■ SOURCE MATERIAL ■
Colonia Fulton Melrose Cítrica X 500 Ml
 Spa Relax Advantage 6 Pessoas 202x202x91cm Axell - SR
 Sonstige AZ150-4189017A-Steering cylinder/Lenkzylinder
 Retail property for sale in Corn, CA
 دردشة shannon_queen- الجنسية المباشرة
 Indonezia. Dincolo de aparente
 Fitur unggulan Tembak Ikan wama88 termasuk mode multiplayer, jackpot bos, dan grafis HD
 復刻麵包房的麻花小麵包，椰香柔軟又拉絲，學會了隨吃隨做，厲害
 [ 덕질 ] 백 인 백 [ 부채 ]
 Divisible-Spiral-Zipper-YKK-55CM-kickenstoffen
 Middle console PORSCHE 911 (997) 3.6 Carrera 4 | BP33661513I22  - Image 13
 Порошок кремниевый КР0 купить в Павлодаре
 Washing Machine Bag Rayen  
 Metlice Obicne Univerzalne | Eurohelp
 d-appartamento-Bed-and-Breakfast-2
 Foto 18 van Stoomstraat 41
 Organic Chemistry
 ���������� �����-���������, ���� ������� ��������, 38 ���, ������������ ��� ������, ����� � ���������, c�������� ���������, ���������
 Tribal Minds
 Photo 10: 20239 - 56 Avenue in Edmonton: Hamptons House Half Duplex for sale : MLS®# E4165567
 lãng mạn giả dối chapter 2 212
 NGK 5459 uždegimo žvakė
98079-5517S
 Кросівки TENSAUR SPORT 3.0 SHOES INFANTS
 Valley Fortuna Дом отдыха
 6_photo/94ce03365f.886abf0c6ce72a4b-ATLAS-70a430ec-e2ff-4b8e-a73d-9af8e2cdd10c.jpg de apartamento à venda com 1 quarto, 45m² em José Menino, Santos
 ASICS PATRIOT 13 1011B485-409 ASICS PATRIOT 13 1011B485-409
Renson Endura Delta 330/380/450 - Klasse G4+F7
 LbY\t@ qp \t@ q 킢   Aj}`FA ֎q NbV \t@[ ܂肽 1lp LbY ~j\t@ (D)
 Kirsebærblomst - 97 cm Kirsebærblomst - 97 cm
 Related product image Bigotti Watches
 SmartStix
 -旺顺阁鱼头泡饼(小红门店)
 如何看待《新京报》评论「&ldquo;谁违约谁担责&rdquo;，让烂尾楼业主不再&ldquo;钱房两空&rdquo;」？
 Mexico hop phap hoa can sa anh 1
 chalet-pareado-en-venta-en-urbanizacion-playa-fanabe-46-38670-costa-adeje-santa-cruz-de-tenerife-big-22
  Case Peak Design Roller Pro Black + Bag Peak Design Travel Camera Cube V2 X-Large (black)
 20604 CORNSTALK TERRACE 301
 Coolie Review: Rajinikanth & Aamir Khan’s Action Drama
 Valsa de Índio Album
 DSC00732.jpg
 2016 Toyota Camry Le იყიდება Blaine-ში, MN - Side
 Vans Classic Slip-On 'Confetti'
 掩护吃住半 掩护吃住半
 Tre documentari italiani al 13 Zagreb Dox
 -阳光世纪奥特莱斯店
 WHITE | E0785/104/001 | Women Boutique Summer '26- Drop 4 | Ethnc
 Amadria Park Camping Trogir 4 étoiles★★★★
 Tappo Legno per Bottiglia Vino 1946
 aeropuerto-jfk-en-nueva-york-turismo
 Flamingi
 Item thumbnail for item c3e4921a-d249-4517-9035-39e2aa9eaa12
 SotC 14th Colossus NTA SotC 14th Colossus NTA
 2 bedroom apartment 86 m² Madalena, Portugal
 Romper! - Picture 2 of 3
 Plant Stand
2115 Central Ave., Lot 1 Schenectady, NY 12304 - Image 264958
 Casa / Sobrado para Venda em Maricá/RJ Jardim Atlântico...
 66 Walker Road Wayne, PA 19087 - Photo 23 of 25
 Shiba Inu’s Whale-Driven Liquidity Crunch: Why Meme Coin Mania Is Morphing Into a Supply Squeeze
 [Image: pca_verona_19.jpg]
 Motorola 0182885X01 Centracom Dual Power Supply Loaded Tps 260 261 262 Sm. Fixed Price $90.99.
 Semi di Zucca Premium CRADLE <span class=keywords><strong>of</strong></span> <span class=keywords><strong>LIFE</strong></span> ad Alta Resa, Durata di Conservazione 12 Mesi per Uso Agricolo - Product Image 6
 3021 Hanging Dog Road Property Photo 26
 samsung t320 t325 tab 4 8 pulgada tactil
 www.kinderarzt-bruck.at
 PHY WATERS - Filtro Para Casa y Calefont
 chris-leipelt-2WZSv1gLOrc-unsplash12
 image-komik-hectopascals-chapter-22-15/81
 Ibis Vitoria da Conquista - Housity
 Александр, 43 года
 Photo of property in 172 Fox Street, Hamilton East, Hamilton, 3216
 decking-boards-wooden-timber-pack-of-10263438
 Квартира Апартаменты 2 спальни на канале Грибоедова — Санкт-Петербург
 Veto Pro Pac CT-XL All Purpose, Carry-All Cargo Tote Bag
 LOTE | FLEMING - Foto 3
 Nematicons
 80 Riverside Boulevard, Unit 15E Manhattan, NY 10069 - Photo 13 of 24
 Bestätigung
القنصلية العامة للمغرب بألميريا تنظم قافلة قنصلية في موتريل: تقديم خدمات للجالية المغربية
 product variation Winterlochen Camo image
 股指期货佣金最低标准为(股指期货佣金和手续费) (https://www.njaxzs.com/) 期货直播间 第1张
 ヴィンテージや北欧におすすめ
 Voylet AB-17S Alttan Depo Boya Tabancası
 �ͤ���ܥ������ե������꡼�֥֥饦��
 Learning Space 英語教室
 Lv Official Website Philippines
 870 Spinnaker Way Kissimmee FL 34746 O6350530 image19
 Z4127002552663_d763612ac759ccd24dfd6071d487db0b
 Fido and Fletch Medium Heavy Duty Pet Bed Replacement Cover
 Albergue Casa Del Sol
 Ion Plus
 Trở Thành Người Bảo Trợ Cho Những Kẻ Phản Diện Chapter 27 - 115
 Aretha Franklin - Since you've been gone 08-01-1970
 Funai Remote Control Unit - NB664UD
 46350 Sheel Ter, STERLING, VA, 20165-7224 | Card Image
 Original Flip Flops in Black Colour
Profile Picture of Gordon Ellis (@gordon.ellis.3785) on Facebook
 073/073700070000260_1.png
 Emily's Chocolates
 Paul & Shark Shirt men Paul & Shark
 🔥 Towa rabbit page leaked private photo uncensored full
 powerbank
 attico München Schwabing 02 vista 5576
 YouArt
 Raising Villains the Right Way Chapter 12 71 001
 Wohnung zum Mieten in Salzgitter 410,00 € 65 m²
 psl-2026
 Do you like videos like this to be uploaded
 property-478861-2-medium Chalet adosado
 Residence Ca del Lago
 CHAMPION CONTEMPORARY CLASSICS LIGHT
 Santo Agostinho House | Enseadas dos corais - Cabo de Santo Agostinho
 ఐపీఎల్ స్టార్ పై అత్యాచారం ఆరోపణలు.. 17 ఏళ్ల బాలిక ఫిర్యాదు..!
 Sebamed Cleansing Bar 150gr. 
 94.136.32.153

■ WORK TO COMPLETE ■
For every line in the material, write out an exact copy.

■ TASK RESULT ■
Colonia Fulton Melrose Cítrica X 500 Ml
 Spa Relax Advantage 6 Pessoas 202x202x91cm Axell - SR
 Sonstige AZ150-4189017A-Steering cylinder/Lenkzylinder
 Retail property for sale in Corn, CA
 دردشة shannon_queen- الجنسية المباشرة
 Indonezia. Dincolo de aparente
 Fitur unggulan Tembak Ikan wama88 termasuk mode multiplayer, jackpot bos, dan grafis HD
 復刻麵包房的麻花小麵包，椰香柔軟又拉絲，學會了隨吃隨做，厲害
 [ 덕질 ] 백 인 백 [ 부채 ]
 Divisible-Spiral-Zipper-YKK-55CM-kickenstoffen
 Middle console PORSCHE 911 (997) 3.6 Carrera 4 | BP33661513I22  - Image 13
 Порошок кремниевый КР0 купить в Павлодаре
 Washing Machine Bag Rayen  
 Metlice Obicne Univerzalne | Eurohelp
 d-appartamento-Bed-and-Breakfast-2
 Foto 18 van Stoomstraat 41
 Organic Chemistry
 ���������� �����-���������, ���� ������� ��������, 38 ���, ������������ ��� ������, ����� � ���������, c�������� ���������, ���������
 Tribal Minds
 Photo 10: 20239 - 56 Avenue in Edmonton: Hamptons House Half Duplex for sale : MLS®# E4165567
 lãng mạn giả dối chapter 2 212
 NGK 5459 uždegimo žvakė
98079-5517S
 Кросівки TENSAUR SPORT 3.0 SHOES INFANTS
 Valley Fortuna Дом отдыха
 6_photo/94ce03365f.886abf0c6ce72a4b-ATLAS-70a430ec-e2ff-4b8e-a73d-9af8e2cdd10c.jpg de apartamento à venda com 1 quarto, 45m² em José Menino, Santos
 ASICS PATRIOT 13 1011B485-409 ASICS PATRIOT 13 1011B485-409
Renson Endura Delta 330/380/450 - Klasse G4+F7
 LbY\t@ qp \t@ q 킢   Aj}`FA ֎q NbV \t@[ ܂肽 1lp LbY ~j\t@ (D)
 Kirsebærblomst - 97 cm Kirsebærblomst - 97 cm
 Related product image Bigotti Watches
 SmartStix
 -旺顺阁鱼头泡饼(小红门店)
 如何看待《新京报》评论「&ldquo;谁违约谁担责&rdquo;，让烂尾楼业主不再&ldquo;钱房两空&rdquo;」？
 Mexico hop phap hoa can sa anh 1
 chalet-pareado-en-venta-en-urbanizacion-playa-fanabe-46-38670-costa-adeje-santa-cruz-de-tenerife-big-22
  Case Peak Design Roller Pro Black + Bag Peak Design Travel Camera Cube V2 X-Large (black)
 20604 CORNSTALK TERRACE 301
 Coolie Review: Rajinikanth & Aamir Khan’s Action Drama
 Valsa de Índio Album
 DSC00732.jpg
 2016 Toyota Camry Le იყიდება Blaine-ში, MN - Side
 Vans Classic Slip-On 'Confetti'
 掩护吃住半 掩护吃住半
 Tre documentari italiani al 13 Zagreb Dox
 -阳光世纪奥特莱斯店
 WHITE | E0785/104/001 | Women Boutique Summer '26- Drop 4 | Ethnc
 Amadria Park Camping Trogir 4 étoiles★★★★
 Tappo Legno per Bottiglia Vino 1946
 aeropuerto-jfk-en-nueva-york-turismo
 Flamingi
 Item thumbnail for item c3e4921a-d249-4517-9035-39e2aa9eaa12
 SotC 14th Colossus NTA SotC 14th Colossus NTA
 2 bedroom apartment 86 m² Madalena, Portugal
 Romper! - Picture 2 of 3
 Plant Stand
2115 Central Ave., Lot 1 Schenectady, NY 12304 - Image 264958
 Casa / Sobrado para Venda em Maricá/RJ Jardim Atlântico...
 66 Walker Road Wayne, PA 19087 - Photo 23 of 25
 Shiba Inu’s Whale-Driven Liquidity Crunch: Why Meme Coin Mania Is Morphing Into a Supply Squeeze
 [Image: pca_verona_19.jpg]
 Motorola 0182885X01 Centracom Dual Power Supply Loaded Tps 260 261 262 Sm. Fixed Price $90.99.
 Semi di Zucca Premium CRADLE <span class=keywords><strong>of</strong></span> <span class=keywords><strong>LIFE</strong></span> ad Alta Resa, Durata di Conservazione 12 Mesi per Uso Agricolo - Product Image 6
 3021 Hanging Dog Road Property Photo 26
 samsung t320 t325 tab 4 8 pulgada tactil
 www.kinderarzt-bruck.at
 PHY WATERS - Filtro Para Casa y Calefont
 chris-leipelt-2WZSv1gLOrc-unsplash12
 image-komik-hectopascals-chapter-22-15/81
 Ibis Vitoria da Conquista - Housity
 Александр, 43 года
 Photo of property in 172 Fox Street, Hamilton East, Hamilton, 3216
 decking-boards-wooden-timber-pack-of-10263438
 Квартира Апартаменты 2 спальни на канале Грибоедова — Санкт-Петербург
 Veto Pro Pac CT-XL All Purpose, Carry-All Cargo Tote Bag
 LOTE | FLEMING - Foto 3
 Nematicons
 80 Riverside Boulevard, Unit 15E Manhattan, NY 10069 - Photo 13 of 24
 Bestätigung
القنصلية العامة للمغرب بألميريا تنظم قافلة قنصلية في موتريل: تقديم خدمات للجالية المغربية
 product variation Winterlochen Camo image
 股指期货佣金最低标准为(股指期货佣金和手续费) (https://www.njaxzs.com/) 期货直播间 第1张
 ヴィンテージや北欧におすすめ
 Voylet AB-17S Alttan Depo Boya Tabancası
 �ͤ���ܥ������ե������꡼�֥֥饦��
 Learning Space 英語教室
 Lv Official Website Philippines
 870 Spinnaker Way Kissimmee FL 34746 O6350530 image19
 Z4127002552663_d763612ac759ccd24dfd6071d487db0b
 Fido and Fletch Medium Heavy Duty Pet Bed Replacement Cover
 Albergue Casa Del Sol
 Ion Plus
 Trở Thành Người Bảo Trợ Cho Những Kẻ Phản Diện Chapter 27 - 115
 Aretha Franklin - Since you've been gone 08-01-1970
 Funai Remote Control Unit - NB664UD
 46350 Sheel Ter, STERLING, VA, 20165-7224 | Card Image
 Original Flip Flops in Black Colour
Profile Picture of Gordon Ellis (@gordon.ellis.3785) on Facebook
 073/073700070000260_1.png
 Emily's Chocolates
 Paul & Shark Shirt men Paul & Shark
 🔥 Towa rabbit page leaked private photo uncensored full
 powerbank
 attico München Schwabing 02 vista 5576
 YouArt
 Raising Villains the Right Way Chapter 12 71 001
 Wohnung zum Mieten in Salzgitter 410,00 € 65 m²
 psl-2026
 Do you like videos like this to be uploaded
 property-478861-2-medium Chalet adosado
 Residence Ca del Lago
 CHAMPION CONTEMPORARY CLASSICS LIGHT
 Santo Agostinho House | Enseadas dos corais - Cabo de Santo Agostinho
 ఐపీఎల్ స్టార్ పై అత్యాచారం ఆరోపణలు.. 17 ఏళ్ల బాలిక ఫిర్యాదు..!
 Sebamed Cleansing Bar 150gr. 
 94.136.32.153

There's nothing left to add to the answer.